Collie, sources said, lives in the Rockaways and has a prior juvenile report on his record for a March 2019 forcible touching incident in the same area. Collie was 16 at the time.
The rookie was on his way to work “to protect New Yorkers from criminals,” when he was shot, Police Commissioner Keechant Sewell said early Wednesday at a hospital press conference just hours before thousands of cops gathered at St. Patrick’s Cathedral for the funeral for Officer Wilbert Mora, who died Jan. 25, four days after he and his Officer Jason Rivera, were shot while responding to a call for help from a woman who said her son was threatening her. Rivera died that night..
Chief of Department Kenneth Corey said the Rockaways shooting happened about 10:18 p.m. at Beach Channel Drive and Beach 62nd St. in Averne.
The rookie was in his car, stopped at a traffic light, when the crooks approached, gaining his attention by knocking on the driver’s side window with their gun, Corey said.
The officer got out of the car, Corey said, and one of the suspects fired several times, striking the officer.
He was able to return fire but missed and the suspects ran off.

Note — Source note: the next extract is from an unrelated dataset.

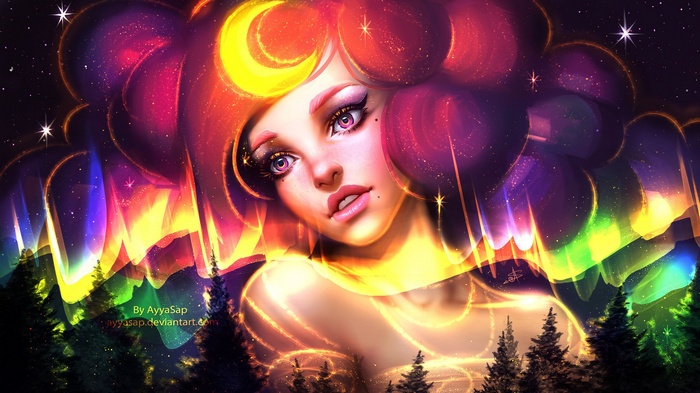 Digital art of a woman with colorful hair and aurora borealis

Nearby were uniformed cops from the 100th Precinct. They heard the shots, rushed to the scene, tended to the wounded officer and broadcast a description of the suspects over their radio.
Other uniformed officers confronted the suspects about three blocks away, at Beach Channel Drive and Beach 59th St. But as they got out of the car, Corey said, a shot was fired at them, striking their unmarked car in the rear bumper.
“I want to emphasize that,” Corey said at a hospital press conference. “These officers were being fired at and did not shoot back. Instead, they apprehended the two of them a short distance away without further incident.”
Mayor Adams also emphasized that restraint by the arresting officers and noted the crooks’ brazenness, willing to shoot those in “blue uniforms or blue jeans.”
“When these two individuals shot at a passenger driving the car they didn’t shoot at a police officer, they shot at a civilian,” Adams said. “And then to find out that they shot at police officers it sent a message. They had no regard [for] who they were trying to kill.”
The NYPD, at Adam’s direction, is in the process of forming a Neighborhood Safety Unit, comprised of officers in uniform and plainclothes and tasked with combatting the ongoing surge in gun violence.
Former Police Commissioner Dermot Shea in June 2020 disbanded the plainclothes Anti-Crime Unit. Cops assigned to anti-crime won high marks for getting guns off the street and developing an intimate knowledge of the city’s violent criminals but they were also criticized as overly aggressive and guilty of unjustified street stops and raids.
Many in anti-crime were subsequently assigned to the new Public Safety Unit. A sergeant and officer from that unit arrested the suspects accused of shooting the rookie Tuesday.